* [Description of the task] Between the line containing "Johnsburg's Liz Smith" and the line containing "Full length photo" lies a run of lines; give that run again exactly, with both of those lines, and nothing else from the entries below.

* [Provided material]
━━━━━━━━━━━━━━━━

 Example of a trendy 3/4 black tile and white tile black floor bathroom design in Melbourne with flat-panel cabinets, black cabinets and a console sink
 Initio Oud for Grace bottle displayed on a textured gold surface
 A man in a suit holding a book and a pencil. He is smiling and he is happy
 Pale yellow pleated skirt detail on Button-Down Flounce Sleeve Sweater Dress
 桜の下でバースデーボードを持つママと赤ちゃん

━━━━━━━━━━━━━━━━

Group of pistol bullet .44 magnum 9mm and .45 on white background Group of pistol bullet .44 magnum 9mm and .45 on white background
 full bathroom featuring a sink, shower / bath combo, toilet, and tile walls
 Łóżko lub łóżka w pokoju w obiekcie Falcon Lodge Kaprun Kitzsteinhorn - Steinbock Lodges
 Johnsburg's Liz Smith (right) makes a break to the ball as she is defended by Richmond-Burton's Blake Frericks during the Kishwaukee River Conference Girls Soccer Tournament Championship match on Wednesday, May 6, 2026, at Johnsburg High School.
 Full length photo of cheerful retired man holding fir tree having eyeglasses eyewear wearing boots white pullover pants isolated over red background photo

━━━━━━━━━━━━━━━━

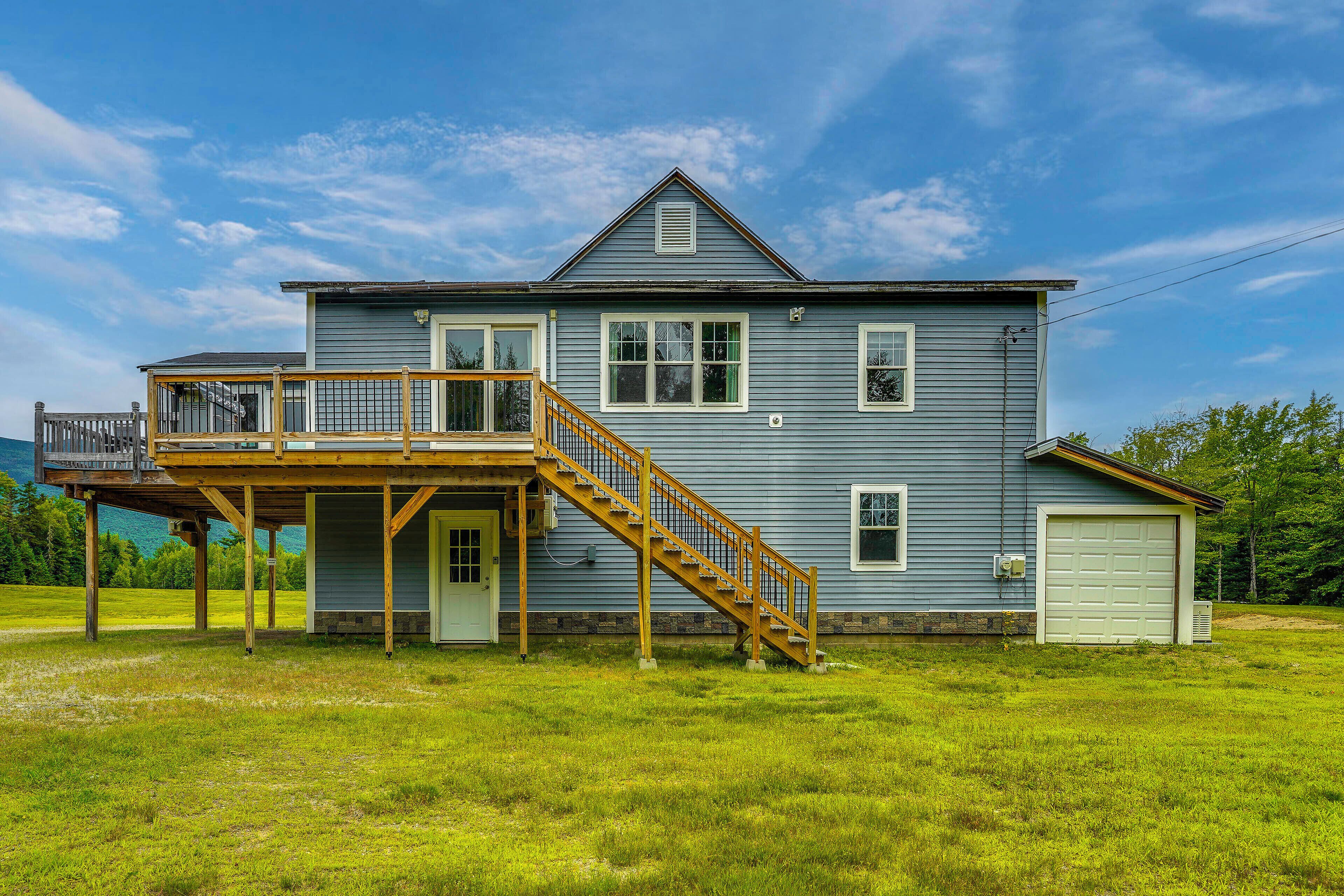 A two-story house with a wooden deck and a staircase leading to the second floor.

━━━━━━━━━━━━━━━━

* [Task result]
 Johnsburg's Liz Smith (right) makes a break to the ball as she is defended by Richmond-Burton's Blake Frericks during the Kishwaukee River Conference Girls Soccer Tournament Championship match on Wednesday, May 6, 2026, at Johnsburg High School.
 Full length photo of cheerful retired man holding fir tree having eyeglasses eyewear wearing boots white pullover pants isolated over red background photo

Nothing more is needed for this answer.